Paralelamente às comemorações, iniciou-se o referendo constitucional que pode permitir a permanência de Putin no poder até 2036. Essa votação, embora envolta em controvérsias quanto à sua transparência e legitimidade, é apresentada ao público como uma continuação do projeto nacional. A estabilidade política é vendida como pilar fundamental para a preservação da memória histórica e para a manutenção do status internacional da Rússia. O apelo ao patriotismo, nesse contexto, torna-se uma ferramenta eficaz de mobilização popular e de validação do poder vigente.
O discurso de Putin na Praça Vermelha não é apenas uma homenagem ao passado; é uma peça cuidadosamente construída de comunicação política. Ao misturar elementos de orgulho nacional com promessas de cooperação global, ele busca atender tanto às expectativas internas quanto às pressões externas. Esse equilíbrio retórico revela a estratégia de Moscou: consolidar sua influência doméstica ao mesmo tempo em que tenta aliviar a tensão com as potências ocidentais, sem abrir mão de sua soberania ou ambições geopolíticas.
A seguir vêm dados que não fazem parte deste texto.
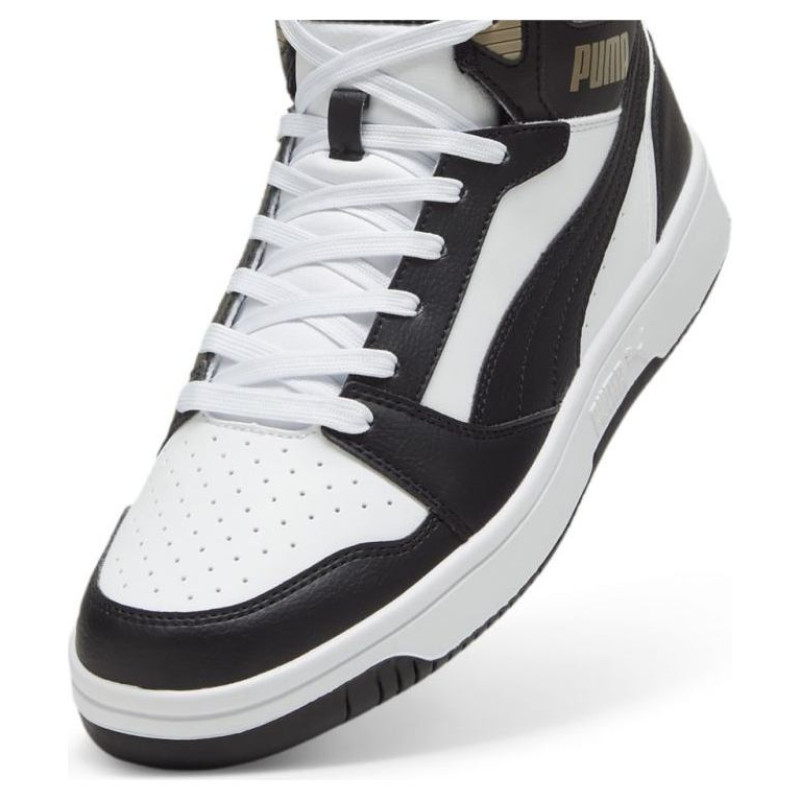 Puma Rebound v6 M 392326-22 sneakers (42.5)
A memória da Segunda Guerra é utilizada como uma âncora para a narrativa oficial, reforçando a ideia de que a Rússia sempre esteve do lado certo da história. Essa construção simbólica oferece legitimidade moral às ações contemporâneas do governo, sejam elas internas ou externas. Ao se apresentar como herdeira direta dos sacrifícios do passado, a atual liderança busca respaldo para suas decisões políticas. A celebração na Praça Vermelha, portanto, vai além de uma simples cerimônia: ela é parte de um projeto contínuo de reafirmação nacional.
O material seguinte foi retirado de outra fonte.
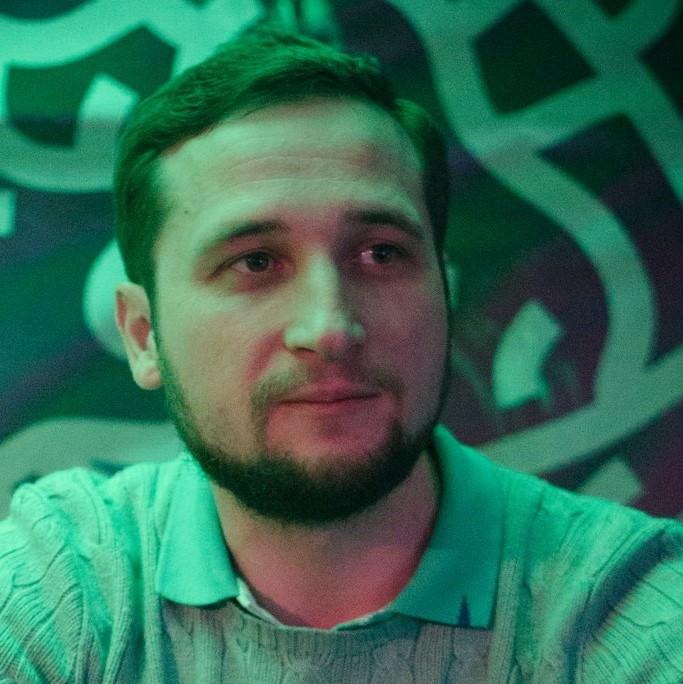 Patronul unui club îşi închide localul:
Com o referendo em andamento, a escolha do momento para tal celebração não é coincidência. Há uma tentativa clara de associar a continuidade do governo Putin à continuidade da estabilidade histórica russa. O passado vitorioso serve como argumento para a permanência de uma liderança que se apresenta como guardiã desse legado. Essa associação entre o líder e a nação é reforçada a cada fala, desfile e gesto simbólico, consolidando uma imagem de permanência como sinônimo de segurança.
Assim, o evento de comemoração dos 75 anos do fim da guerra se transforma em muito mais do que uma lembrança histórica. Ele se torna um instrumento de poder, de legitimação e de reposicionamento internacional. A estratégia russa, refletida no discurso de Putin, é clara: utilizar a força da memória para moldar o futuro, tanto internamente quanto na arena global. Entre o patriotismo e o aceno ao Ocidente, a Rússia tenta traçar um caminho próprio, em que reverência ao passado e ambição política caminham lado a lado.